(Web page caption snippets)
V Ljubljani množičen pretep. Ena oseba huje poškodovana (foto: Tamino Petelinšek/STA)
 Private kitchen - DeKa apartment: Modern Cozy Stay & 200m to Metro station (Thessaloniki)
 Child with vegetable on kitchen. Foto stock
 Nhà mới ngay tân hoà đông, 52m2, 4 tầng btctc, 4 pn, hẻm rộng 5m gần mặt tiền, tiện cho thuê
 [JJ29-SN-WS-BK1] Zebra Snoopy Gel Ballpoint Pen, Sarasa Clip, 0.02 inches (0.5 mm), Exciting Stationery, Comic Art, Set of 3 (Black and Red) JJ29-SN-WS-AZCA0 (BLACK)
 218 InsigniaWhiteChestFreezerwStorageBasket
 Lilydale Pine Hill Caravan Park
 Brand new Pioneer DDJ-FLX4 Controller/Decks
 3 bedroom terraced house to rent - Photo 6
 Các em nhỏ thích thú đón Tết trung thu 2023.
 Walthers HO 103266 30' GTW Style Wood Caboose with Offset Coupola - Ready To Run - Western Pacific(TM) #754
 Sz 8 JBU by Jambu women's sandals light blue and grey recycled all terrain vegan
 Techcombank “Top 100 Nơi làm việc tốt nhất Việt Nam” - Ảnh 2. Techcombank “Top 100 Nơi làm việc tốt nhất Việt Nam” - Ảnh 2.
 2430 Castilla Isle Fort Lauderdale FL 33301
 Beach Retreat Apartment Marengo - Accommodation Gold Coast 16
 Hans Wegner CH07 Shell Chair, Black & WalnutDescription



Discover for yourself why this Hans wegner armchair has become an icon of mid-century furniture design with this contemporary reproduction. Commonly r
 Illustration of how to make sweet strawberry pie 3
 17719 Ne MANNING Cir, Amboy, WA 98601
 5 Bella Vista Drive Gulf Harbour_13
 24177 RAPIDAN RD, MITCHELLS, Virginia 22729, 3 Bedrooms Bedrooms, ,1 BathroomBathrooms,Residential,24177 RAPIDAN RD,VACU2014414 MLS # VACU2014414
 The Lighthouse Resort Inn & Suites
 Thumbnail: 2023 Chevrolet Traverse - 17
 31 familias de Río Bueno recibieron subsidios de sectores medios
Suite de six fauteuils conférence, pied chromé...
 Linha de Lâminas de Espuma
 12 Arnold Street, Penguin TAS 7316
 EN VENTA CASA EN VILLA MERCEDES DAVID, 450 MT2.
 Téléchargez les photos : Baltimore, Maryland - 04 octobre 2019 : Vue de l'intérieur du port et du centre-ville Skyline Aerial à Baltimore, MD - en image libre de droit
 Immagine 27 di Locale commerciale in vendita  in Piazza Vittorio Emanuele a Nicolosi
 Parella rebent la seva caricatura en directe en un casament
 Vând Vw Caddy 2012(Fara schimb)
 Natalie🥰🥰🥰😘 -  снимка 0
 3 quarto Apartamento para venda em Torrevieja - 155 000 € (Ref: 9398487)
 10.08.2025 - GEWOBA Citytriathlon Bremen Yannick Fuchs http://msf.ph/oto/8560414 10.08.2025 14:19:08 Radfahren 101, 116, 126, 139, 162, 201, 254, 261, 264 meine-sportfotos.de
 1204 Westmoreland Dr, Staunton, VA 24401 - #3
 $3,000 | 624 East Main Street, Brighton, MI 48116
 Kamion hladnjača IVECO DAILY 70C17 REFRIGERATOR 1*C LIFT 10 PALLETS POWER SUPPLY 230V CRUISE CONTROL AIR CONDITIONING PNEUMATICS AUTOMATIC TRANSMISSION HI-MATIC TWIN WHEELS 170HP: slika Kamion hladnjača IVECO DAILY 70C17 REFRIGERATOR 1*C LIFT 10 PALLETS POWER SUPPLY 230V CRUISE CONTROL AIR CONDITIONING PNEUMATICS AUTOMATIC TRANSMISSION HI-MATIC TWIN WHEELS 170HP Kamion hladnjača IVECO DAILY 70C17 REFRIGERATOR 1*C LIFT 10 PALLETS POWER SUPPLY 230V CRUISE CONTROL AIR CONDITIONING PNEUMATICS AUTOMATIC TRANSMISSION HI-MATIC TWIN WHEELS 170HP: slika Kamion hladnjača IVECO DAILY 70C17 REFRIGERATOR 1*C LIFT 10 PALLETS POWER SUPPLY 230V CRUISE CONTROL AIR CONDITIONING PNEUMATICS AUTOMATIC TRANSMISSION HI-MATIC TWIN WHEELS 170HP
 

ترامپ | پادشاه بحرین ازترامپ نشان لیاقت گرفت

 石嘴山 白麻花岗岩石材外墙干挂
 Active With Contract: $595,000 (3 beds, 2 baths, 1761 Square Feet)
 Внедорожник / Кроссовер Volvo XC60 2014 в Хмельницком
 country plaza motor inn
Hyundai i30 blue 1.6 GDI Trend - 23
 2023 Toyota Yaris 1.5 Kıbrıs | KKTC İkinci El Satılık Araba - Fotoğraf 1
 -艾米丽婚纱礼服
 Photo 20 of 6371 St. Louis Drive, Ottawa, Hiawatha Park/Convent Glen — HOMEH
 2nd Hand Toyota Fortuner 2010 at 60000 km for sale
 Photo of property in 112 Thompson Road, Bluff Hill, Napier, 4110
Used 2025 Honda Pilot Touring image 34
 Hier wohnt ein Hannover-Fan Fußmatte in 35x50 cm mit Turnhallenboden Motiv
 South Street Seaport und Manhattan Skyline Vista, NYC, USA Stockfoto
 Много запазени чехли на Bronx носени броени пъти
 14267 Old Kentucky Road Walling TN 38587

EXERCISE OBJECTIVE: Display each line of the data where "Street" occurs.

EXERCISE RESPONSE:
 12 Arnold Street, Penguin TAS 7316
 $3,000 | 624 East Main Street, Brighton, MI 48116
 South Street Seaport und Manhattan Skyline Vista, NYC, USA Stockfoto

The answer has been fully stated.